A correlation research example at a work place could be a research to establish the relationship between sales levels and prices of the goods produced by the company. The researcher will use the information on the prices of the company’s products to find out if it is in any way related to the sales levels. The hypothesis could be that lower product prices increase sales. The researcher will need full records from the firm about both variables. The information collected will be information spread over a long period of time where the price levels have been fluctuating. After data collection, the researcher will analyze the data. This can be done by presenting the collected data on an excel spreadsheet, by plotting graphs or by drawing any comparative and statistical figures as per the information on the two variables. After the research, the researcher will have to present a research report on the findings. The researcher could have found out that with the higher the prices, the lower the sales level. The findings in the report will be that there is an inverse relationship between price levels and sales levels.
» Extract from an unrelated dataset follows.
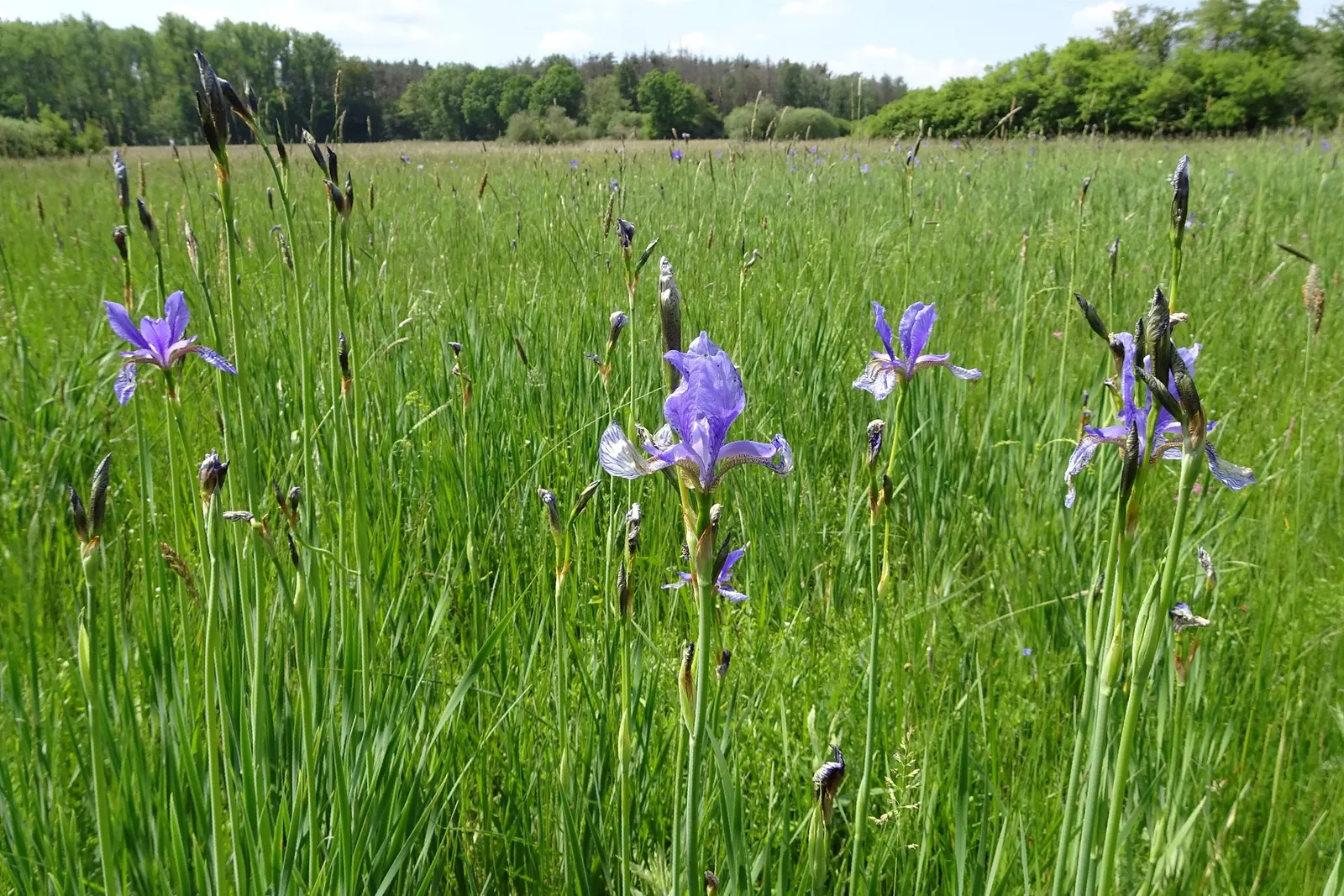 Siberian Iris (Iris Sibirica) — making it suitable for use in rain gardens or near water features; the Siberian Iris (Iris sibirica) is a, image 111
The correlation results from this survey will be very important in the company’s planning. Correlation results will be used by management to understand the conditions, events and behaviors between the price level and sales. This will equip the management with the adequate knowledge of what to do in case there are any changes in prices so as to maintain or increase the sales of the firm. The correlation survey results will also help the management to make some predictions about the future conditions in the market. The negative relationship between prices and sales means that the firm should aim at keeping the price levels at an optimal level. Optimal prices means a price level that is favorable to the consumers of the firm’s products and at the same time be high enough for the firm to generate high revenue and make profits. The prediction of the market conditions by the management could be by studying the sales trends in relation to the price levels over the last couple of years. The managers can then establish if the price levels have been on the decline and sales increasing. The trend will be used to predict how the market environment will be. These predictions help the management to decide on strategies to implement to make the firm successful.
References
Allen, D. R. (2004). Customer satisfaction research management: a comprehensive guide to integrating customer loyalty and satisfaction metrics in the management of complex organizations (Illustrated ed.). New Mexico: ASQ Quality Press.
Gravetter, F. J., & Forzano, L.-A. B. (2011). Research Methods for the Behavioral Sciences (4 ed.). London: Cengage Learning.
Jackson, S. L. (2011). Research Methods and Statistics: A Critical Thinking Approach (4 ed.). London: Cengage Learning.
Krishnaswamy, K. N., Sivakumar, A. I., & Mathir, M. (2009). Management Research Methodology: Integration of Methods and Techniques. New Delhi: Pearson Education India.